We often try to bury the past—to forget the pain and suffering. That can be a good thing if we move on with life and find fulfillment. But often that buried past comes to haunt us. It may actually prevent the good life we hope for in the future until it is recognized and addressed.
Abraham Bursztein (Miguel Ángel Solá) is an 88 year old Holocaust survivor who has made a life for himself in Buenos Aires. But his health is failing. His children have sold his home and he is scheduled to move into a retirement home. But he has a secret plan to make one last trip—to return to Poland to take a suit to the Christian friend who saved his life after the War. But this is a trip that is not just about the gratitude he owes that friend; it is also about the resentments he has carried all these years.
The film is a road movie of his trip to find what has been missing from his life. In part the trip is an attempt to be in control of his life.
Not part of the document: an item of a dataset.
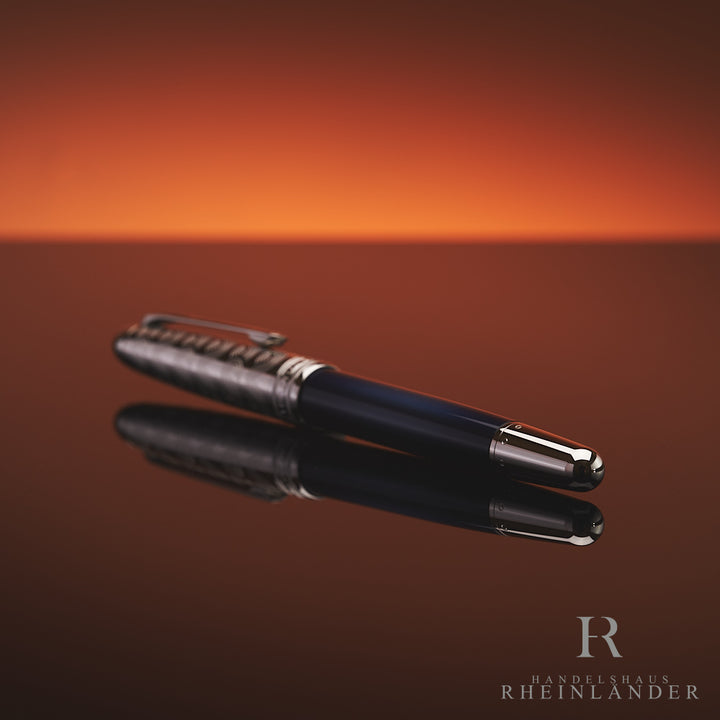 Montblanc Solitaire Doue Around the World in 80 Days Classique Rollerball 126350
His children have made all the decisions for him. But the trip is also driven by a long-forgotten promise. His life cannot be complete while that promise has not been fulfilled. He sees this as a one-way trip, as though he is doing this as one final task before he is ready for the end.
Abraham is a severe, judgmental, and bitter man who holds grudges forever. His family knows that he considers “Poland” a dirty word. As he makes this trip he refuses to say the word himself. He’ll only show a piece of paper with the word on it. We know that Poland is where terrible things happened to him. He continues to hold on to the anger against Poland, and even more Germany.
This road trip turns into a series of encounters that put his anger in perspective. He keeps meeting people who, in spite of his cheerlessness and even rudeness, seek to help him. Each of these people bring a touch of grace into his life. He begins to connect with them in ways that start to knock down the walls of his anger. When he comes to his final destination, we learn that what he is really trying to return to is the place where he first met grace in the actions of another. This time grace was a chance to return to life after being in the realm of death that was the Holocaust. When those walls are finally destroyed, Abraham is then free to love as he has not done for many years.
Watching the film, I constantly wondered why these people would respond to Abraham with kindness when he was always so mean-spirited. But then that is what makes it grace. Grace reaches out to those who do not deserve it. It is freely offered just because it is needed. The film does not talk about God, but it does show the way God—and God’s people—touch lives and bring new life.